I have my own ideas on what would happen in the fic if the time travel went slightly different and Martin showed up first, which now lives rent-free in my head as an AU to an AU. I’m hoping by writing it down I can free myself of it’s grip over me. If you don’t want spoilers for the fic, or seasons 1-4 of the Magnus Archives, stop here.
 In the fic Jon and Martin from the Archives have been married and survived the apocalypse together. Both use the Helen’s doors to travel back in time to season 1 of the Magnus Archives and prevent most of the tragedies from happening. Jon uses his spooky Archivist Powers to threaten Elias, extorting him for money and preventing the appocolypse. And both Martin and Jon dispose of the main villains of season 1 and 2.
But some shenanigans happened in Helen’s doors that make it so Jon shows up first and Martin doesn’t show up until two months later. Here’s my idea of what would happen if those positons got reversed.
-The Archival Staff call Future Martin Mr. Blackwood to differentiate him from their present-day Martin. I will also be doing so, from here on out.
-Jon is, of course, skeptical, and keeps insisting that this must be some long lost brother of Martin’s who is trying to scam them (Or even his father, despite Mr. Blackwood not looking much older than Martin). Mr. Blackwood proceeds to list small intimate details about each of them (how they take their tea, things that happened their last birthday. Stuff that would be very essentially Martin to know) but also sounds very impatient the entire time.

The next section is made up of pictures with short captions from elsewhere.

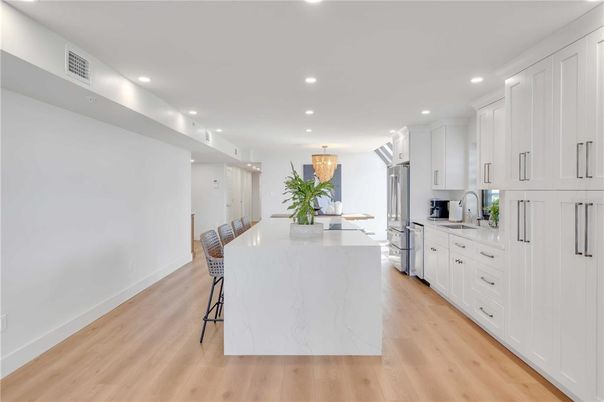 Chandelier, Dining room, Interior, Kitchen, Recessed Lighting, Stainless Steel Appliances, Wood Texture Flooring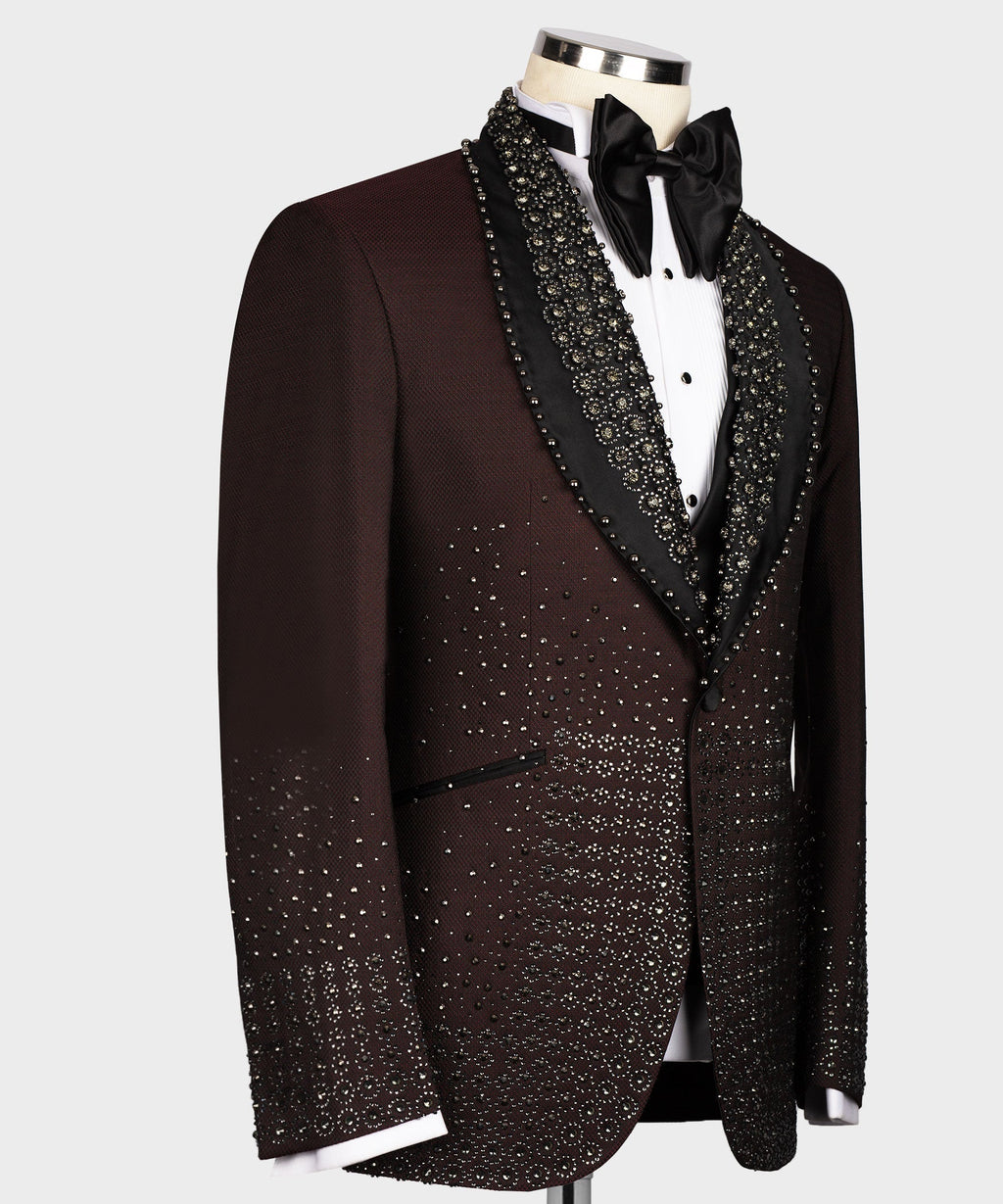 Burgundy tuxedo jacket side view with beaded black lapel trim and matching patterned fabric
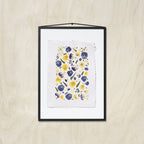 A framed floral art print featuring purple, blue and yellow pansies on a textured white sheet of paper, in a black frame hung against a light wood background.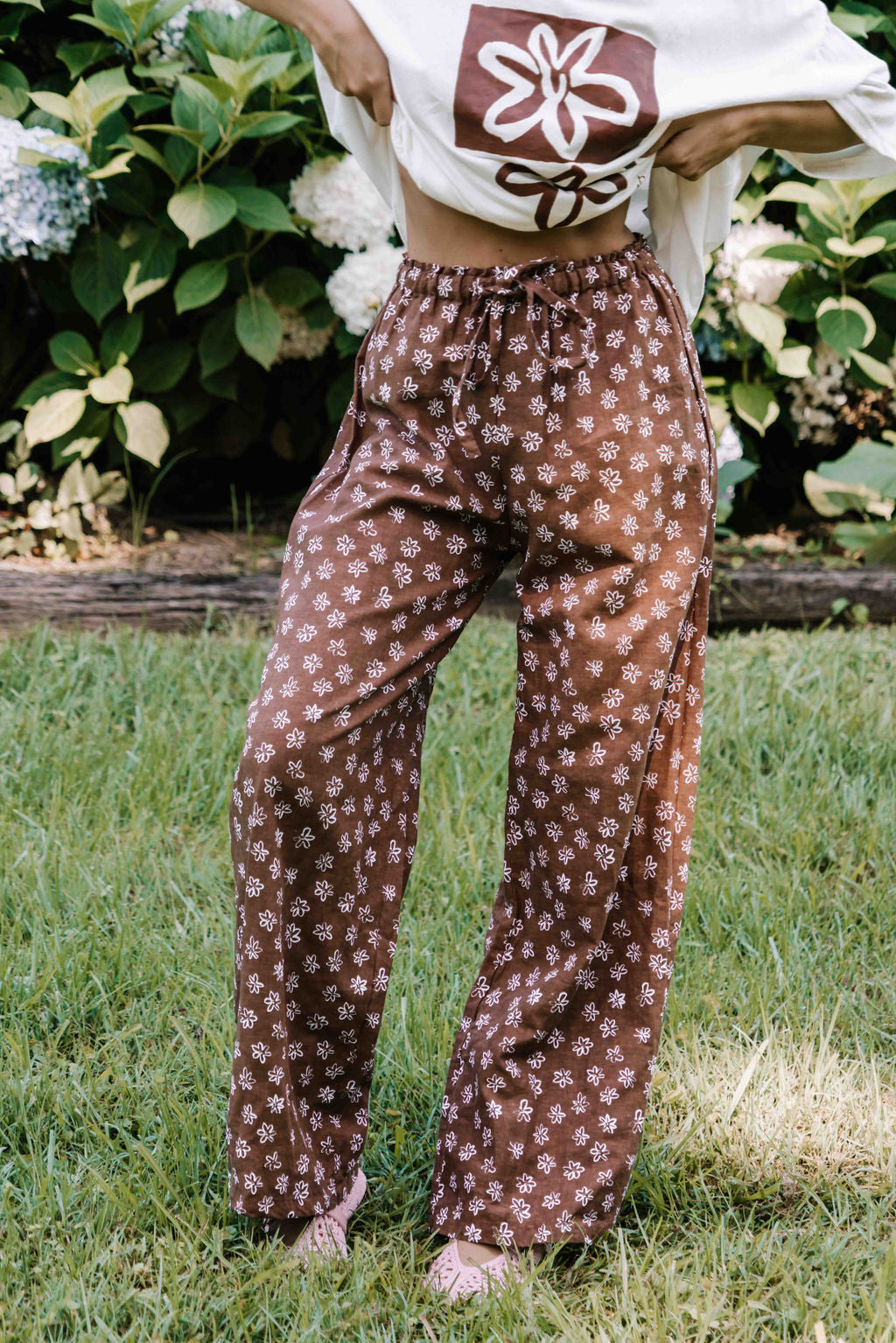 womens wide leg full length relaxed fit pant in a dark mocha brown cotton linen fabric with a hand painted flower print in white elastic waist with drawstring wide leg fit to the ankles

He does not have time for Jon’s feigned skepticism and denial and does not hide it.
-It becomes clear very quickly to the Archival staff that Mr. Blackwood is a lot meaner than Martin. He doesn’t make tea for people unless he’s trying to corner them to talk to them, He’s willing to kill spiders rather than release them. Murder doesn’t seem that out of the question for him. And while both Martin and Blackwood are big people, Matrin Hunches and keeps his voice soft and tries to seem smaller. Blackwood does none of that and will push his way through people and/or loom sometimes.
-As a result Tim starts jokingly referring to him as the Anti-Martin. When Mr. Blackwood starts mentioning that there should be a Mr. Sims showing up, Tim insists on making a list of traits that he bets  Mr. Sims will have based on him being an “Anti-Jon”. The traits include: Wearing only bright colors, not-giving a fig about archive policy, believing all the statements (even the dumb ones), smiling, being nice to Martin, being social and (on a day where Jon was being particularly annoying) being cool.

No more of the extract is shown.